Databricks and Snowflake can share Iceberg data in both directions. Snowflake reads Databricks-managed tables through a catalog integration connected to the IRC endpoint. Databricks reads Snowflake-managed Iceberg tables through a foreign catalog that hits cloud storage directly — no Snowflake compute required for the read.

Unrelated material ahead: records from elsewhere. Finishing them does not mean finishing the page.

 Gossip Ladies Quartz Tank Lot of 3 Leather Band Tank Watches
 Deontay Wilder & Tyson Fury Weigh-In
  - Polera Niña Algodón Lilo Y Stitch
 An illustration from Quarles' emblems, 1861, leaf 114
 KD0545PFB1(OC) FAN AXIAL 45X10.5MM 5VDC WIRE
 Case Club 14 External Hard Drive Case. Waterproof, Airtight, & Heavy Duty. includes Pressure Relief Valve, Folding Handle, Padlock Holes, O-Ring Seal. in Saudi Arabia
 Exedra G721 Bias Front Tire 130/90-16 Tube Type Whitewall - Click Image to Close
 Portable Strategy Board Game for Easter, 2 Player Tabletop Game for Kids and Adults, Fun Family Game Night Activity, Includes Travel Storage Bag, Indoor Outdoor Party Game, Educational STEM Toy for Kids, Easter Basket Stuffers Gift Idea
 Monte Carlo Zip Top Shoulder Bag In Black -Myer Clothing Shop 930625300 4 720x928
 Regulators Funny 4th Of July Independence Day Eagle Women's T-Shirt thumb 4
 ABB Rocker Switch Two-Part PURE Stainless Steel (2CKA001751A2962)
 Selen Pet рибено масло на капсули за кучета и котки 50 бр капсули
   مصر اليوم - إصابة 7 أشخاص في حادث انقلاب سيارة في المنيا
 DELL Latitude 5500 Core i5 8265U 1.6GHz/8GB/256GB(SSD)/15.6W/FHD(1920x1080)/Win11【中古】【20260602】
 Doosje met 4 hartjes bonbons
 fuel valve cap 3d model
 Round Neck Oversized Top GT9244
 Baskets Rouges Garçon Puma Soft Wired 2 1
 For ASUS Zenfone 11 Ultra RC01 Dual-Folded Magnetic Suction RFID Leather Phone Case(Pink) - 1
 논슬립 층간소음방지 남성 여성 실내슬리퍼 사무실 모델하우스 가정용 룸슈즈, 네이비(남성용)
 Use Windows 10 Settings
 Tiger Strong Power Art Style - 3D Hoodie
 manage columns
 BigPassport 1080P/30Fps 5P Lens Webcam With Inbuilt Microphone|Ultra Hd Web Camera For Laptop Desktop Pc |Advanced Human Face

Both directions use the standard Iceberg protocol, so you avoid vendor-specific ETL pipelines between the two platforms.

“Using SQL, set up Snowflake to read a Databricks-managed Iceberg table via a catalog integration with OAuth and vended credentials.”

-- Run in Snowflake
CREATE OR REPLACE CATALOG INTEGRATION databricks_int
CATALOG_SOURCE = ICEBERG_REST
TABLE_FORMAT = ICEBERG
CATALOG_NAMESPACE = 'gold'
REST_CONFIG = (
CATALOG_URI = 'https://my-workspace.cloud.databricks.com/api/2.1/unity-catalog/iceberg-rest'
WAREHOUSE = 'analytics'
ACCESS_DELEGATION_MODE = VENDED_CREDENTIALS
)
REST_AUTHENTICATION = (
TYPE = OAUTH
OAUTH_CLIENT_ID = '<service-principal-client-id>'
OAUTH_CLIENT_SECRET = '<service-principal-secret>'
OAUTH_TOKEN_URI = 'https://my-workspace.cloud.databricks.com/oidc/v1/token'
OAUTH_ALLOWED_SCOPES = ('all-apis', 'sql')
)
REFRESH_INTERVAL_SECONDS = 300
ENABLED = TRUE;

Key decisions:

  • ACCESS_DELEGATION_MODE = VENDED_CREDENTIALS is required on AWS — Snowflake receives temporary STS tokens from the Databricks IRC
  • OAuth is recommended for production; PAT works for testing but tokens expire and can’t be rotated programmatically
  • The Databricks service principal needs EXTERNAL USE SCHEMA, USE CATALOG, USE SCHEMA, and SELECT grants
  • REFRESH_INTERVAL_SECONDS controls how often Snowflake polls for metadata changes (minimum 60 seconds, applies to all tables in the integration)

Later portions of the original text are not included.